October 24, 2007

Underwhelmed by "The Overwhelming"


Africa is hot. And I'm not talking about its climate. Movies like "The Last King of Scotland," "Blood Diamond" and "Hotel Rwanda" take gimlet-eyed looks at the continent and end up multi-Oscar nominees. Books like Ishmael Beah's memoir "A Long Way Gone: Memoirs of a Boy Soldier," and Russell Bank's "The Darling," a novel that deals with the 1980 coup in Liberia, land on the bestsellers' list. Bono and George Clooney speak out for the poorest and most war-ravaged in Africa. Angelina Jolie and Madonna take in African children. And now New York theater is taking up the cause.

In August, Tings Dey Happen, Dan Hoyle's one-man show about oil politics in Nigeria, opened at the Culture Project. This week, The Overwhelming, J.T. Rogers' musings about genocide in Rwanda, opened at the Roundabout Theatre Company's Laura Pels Theatre. What all of these stories, with the exception of "Hotel Rwanda" and "A Long Way Gone," have in common is that their tales are told from the perspective of white protagonists, as though the people who are offering them don't trust that their audiences will be sufficiently interested in people who are foreign and black.


Still, I had been looking forward to seeing The Overwhelming and I was excited about seeing it with my friend Lisa who has been studying conflict resolution in war-torn regions and has even traveled to Ethiopia to work with young people there. Lisa, a former Hollywood exec who started off in the theater, was also excited about the fact that Max Stafford-Clark, who has worked with such politically savvy British playwrights as David Hare and Caryl Churchill, was directing the show. But Americans, it seems, aren't as adept at putting politics on stage. Both Lisa and I were disappointed. While it's clear Rogers is well meaning, this production comes across as more didactic than dramatic and Stafford-Clark's spell-it-out-for-the-yanks direction doesn't help.


It wasn't always thus. Lillian Hellman wrote Watch on the Rhine in 1940 to urge Americans to get into the war in Europe and it played for a respectable 378 performances ("Miss Hellman has brought the awful truth close to home," Brooks Atkinson wrote in his New York Times review. "She has translated the death struggle behind ideas in familiar terms we are bound to respect and understand"). It later got made into a Bette Davis movie. When Arthur Miller's The Crucible opened in 1953, everyone knew it was more an allegory about McCarthyism than a history about the Salem witch trials (Said Atkinson, "Since The Crucible is a play about bigotry, it has certain current significance….But Mr. Miller is not delivering a polemic"). It ran for only 197 performances but has been revived on Broadway four times and made into two TV movies and a feature film.

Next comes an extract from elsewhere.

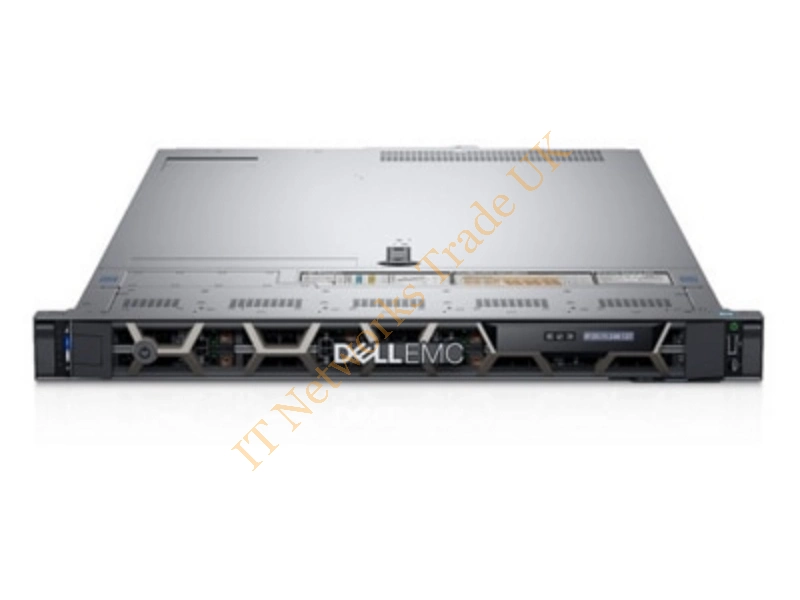 0TY1RV Dell PowerEdge R640 with Intel -1.7GHz Xeon Bronze 3104 16GB RAM 8MB Cache 1TB HDD Server System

The problem with this production of The Overwhelming is that it conveys no real urgency or passion. Rogers tries to sidestep the white protagonist problem by making his central character a white American political science professor married to an African-American writer. But as played by Sam Robards (son of Jason Robards and Lauren Bacall), the professor is the least interesting person on stage and the way Linda Powell (daughter of Colin Powell) plays his wife, she comes across as silly and annoying. Neither is believable. The African characters are ciphers too. The most intriguing character is the professor's son, genuinely interested in the people he encounters in Africa, openly confused by their situation and sensitively played by Michael Stahl-David. I wish the play had been about him.

Some people left during the intermission, including the sister of a colleague from work I ran into, both of them theater junkies —but exacting ones. Lisa and I stayed. Afterwards, we walked over to the Algonquin Hotel and tried to analyze our discontent over a drink in its cozy sitting-room bar. As we talked, we remembered that the play had been a hit when it was produced in London last year. Which suggests that the fault in this iteration may not be entirely Rogers'. But then, the Brits, unlike their American cousins, don't shy away from the inherent messiness of really wrestling with political theater.

1 comment:

Anonymous said...

This play has been getting strongly positive reviews. When I try to figure out why, I begin to suspect that the appreciation is for the fact that the subject has been brought up at all, instead of for the skill (or lack therof) with which it was executed. Should we be lowering our aesthetic standards because a subject is important to be brought into the public eye in whatever form? A tricky question.